The role is different now.

And if you keep showing up the same way you always have, you will be busy constantly and effective rarely. Busy is not the same as effective. And in a new leadership role, the cost of that confusion shows up fast.

The leaders I have seen struggle most in their first 90 days are the ones who never slow down long enough to build a system for themselves. They are so focused on showing up for everyone else that they forget to show up for their own development.

The power hour.

The single most important thing a new leader can do in their first 90 days is build what I call a power hour.

Every morning, before the day takes over, they slow down. They look at their priorities. They review the commitments they have already made and make sure they are honoring them. They ask themselves what actually needs to happen today and what can wait.

It sounds simple. Most leaders will read that and think they are already doing it. Most are not. What they are doing is reacting. Checking the inbox. Responding to whatever came in overnight. Letting other people's urgency set the agenda for their day.

The power hour is the opposite of that.

It is a deliberate, protected practice of getting clear before the noise starts. And when a new leader builds that rhythm in the first 90 days, it becomes the foundation for everything else. Consistency beats charisma.

A leader who shows up with clarity and intention every single day will outperform a naturally gifted leader who is always running behind.

If it is not written down, it does not exist. That applies directly here. The power hour only works when there is a written plan behind it. Priorities on paper. Commitments documented. A real structure that guides the day instead of a vague intention to be more organized.

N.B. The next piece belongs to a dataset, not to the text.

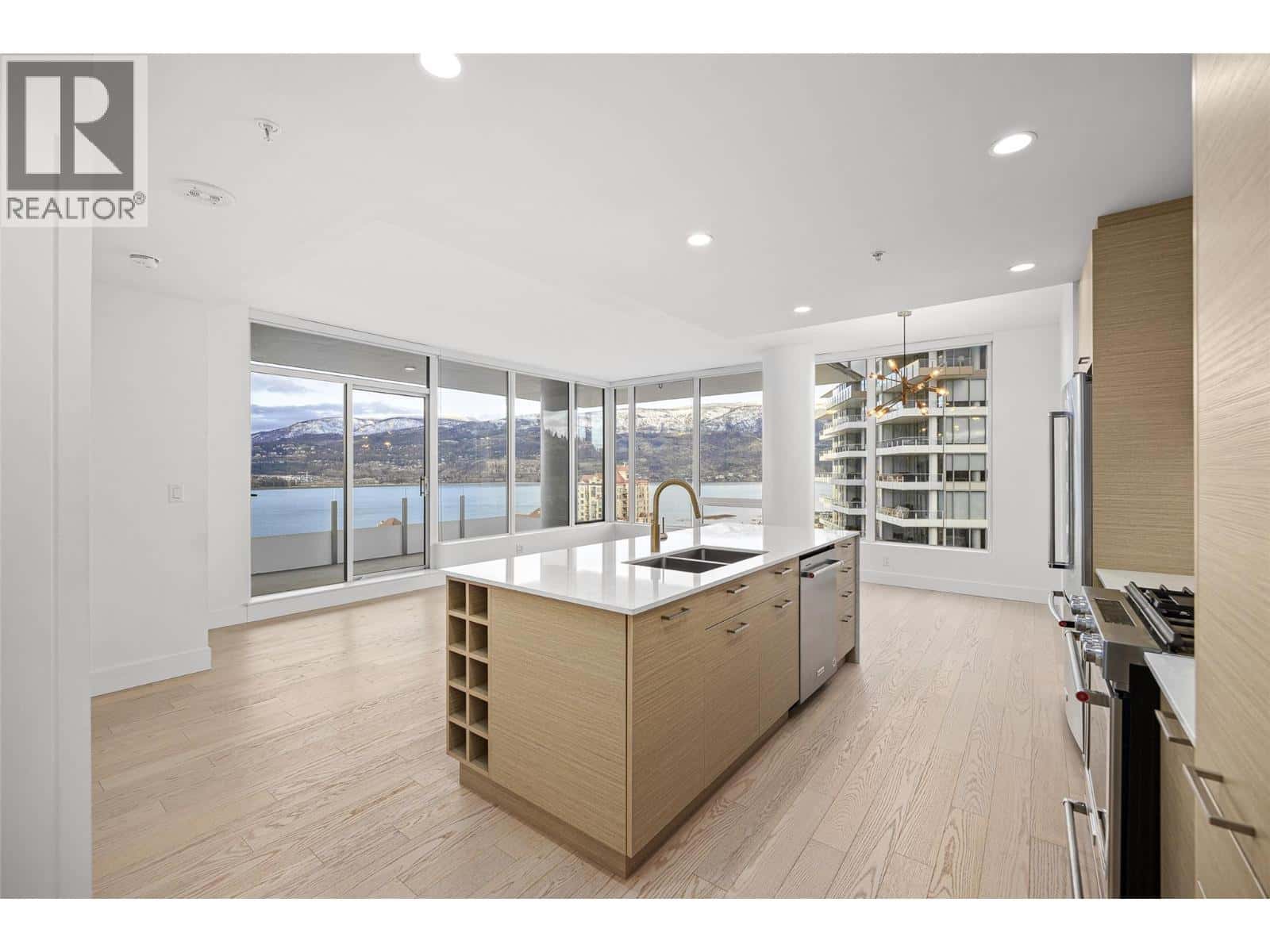 1191 Sunset Drive Unit# 2205 — Kelowna, British Columbia - Photo 5 of 77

Pull people in immediately.

The other thing I see new leaders get wrong is trying to figure everything out alone. They want to establish themselves first. They want to understand the lay of the land before they start leaning on others. And in the meantime, they are quietly drowning.

Leadership is stewardship, not ownership. Your job is not to have all the answers. Your job is to bring the right people around you and help them do their best work.

New leaders especially need to be pulling people in fast. People who have stronger talents in areas where they are weaker. People who have been in the organization longer can teach them things. People can hand things over to others so they are not holding everything themselves.

This is where the shift from doer to developer has to start. Not six months in. Not once have things settled down. In the first 90 days. Because the longer a new leader waits to start releasing ownership, the harder it gets. The team starts expecting to bring everything to them. And that expectation becomes a culture.

Culture is not what you say. It is what you tolerate. And what a new leader tolerates in the first 90 days becomes the standard for everything that follows.

The system nobody builds.

Most new leaders have no development plan for themselves. They have goals for the organization. They have priorities for the team. But when I ask them what they are personally working on as a leader, I get a vague answer about wanting to communicate better or be more strategic. That is not a plan.

Leadership pipelines do not build themselves. And that starts with you. A new leader who builds a real development system in the first 90 days, a power hour, a delegation framework, and a clear picture of their own gaps and strengths is going to grow faster and lead more effectively than one who just tries to outwork the role.

Everything in nature either grows or dies. Your leadership is not exempt from that. The question in the first 90 days is not whether you are working hard enough. It is whether you are building the right things.

Get the ground truth on where you actually are. Not where you want to be. Not where you hope to be in six months. Where are you right now, across delegation, development, time management, and effectiveness? That is the only honest starting point.